Source data:
= Beginning of Section =

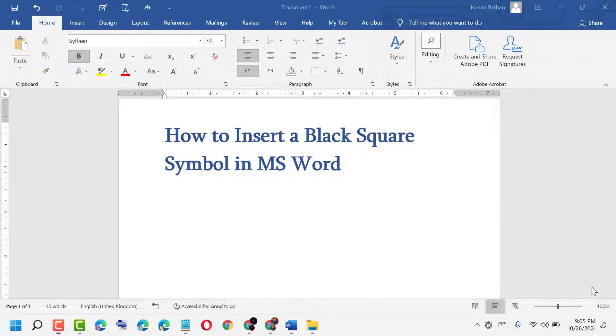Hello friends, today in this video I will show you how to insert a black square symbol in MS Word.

= End of Section =
= Beginning of Section =

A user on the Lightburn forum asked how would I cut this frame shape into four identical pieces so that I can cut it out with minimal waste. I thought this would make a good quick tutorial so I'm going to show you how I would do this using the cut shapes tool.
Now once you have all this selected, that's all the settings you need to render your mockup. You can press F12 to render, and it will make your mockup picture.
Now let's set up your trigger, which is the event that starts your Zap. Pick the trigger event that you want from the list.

= End of Section =

What is needed:
Search the data for the string "make" and copy each line where it appears.

Problem solution:
A user on the Lightburn forum asked how would I cut this frame shape into four identical pieces so that I can cut it out with minimal waste. I thought this would make a good quick tutorial so I'm going to show you how I would do this using the cut shapes tool.
Now once you have all this selected, that's all the settings you need to render your mockup. You can press F12 to render, and it will make your mockup picture.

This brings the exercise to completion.